▶ _TASK GOAL_
Once "Silicone Air Fryer" turns up in a line below, reproduce that line and those after it exactly, stopping after the line with "Finest Romance Script Regular font"; leave pictures out.

▶ _DATASET EXCERPTS_

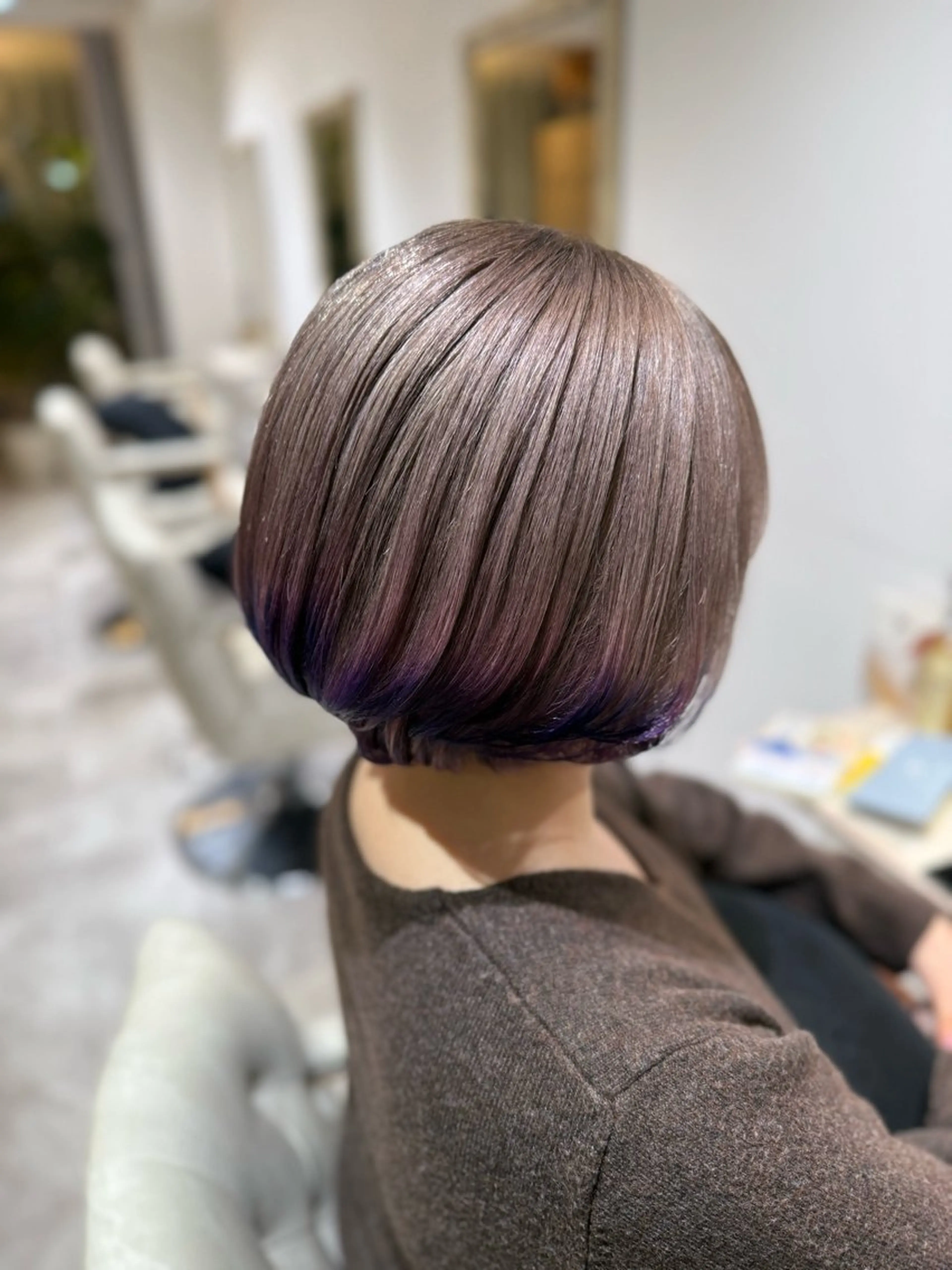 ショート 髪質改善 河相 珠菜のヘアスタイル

==

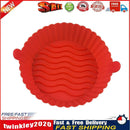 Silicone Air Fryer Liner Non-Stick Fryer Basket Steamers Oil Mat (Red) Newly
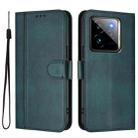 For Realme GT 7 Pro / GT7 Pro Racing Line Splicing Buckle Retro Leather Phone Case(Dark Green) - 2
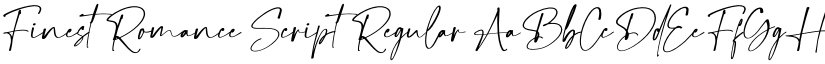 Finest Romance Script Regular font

▶ _YOUR RESPONSE_
 Silicone Air Fryer Liner Non-Stick Fryer Basket Steamers Oil Mat (Red) Newly
 For Realme GT 7 Pro / GT7 Pro Racing Line Splicing Buckle Retro Leather Phone Case(Dark Green) - 2
 Finest Romance Script Regular font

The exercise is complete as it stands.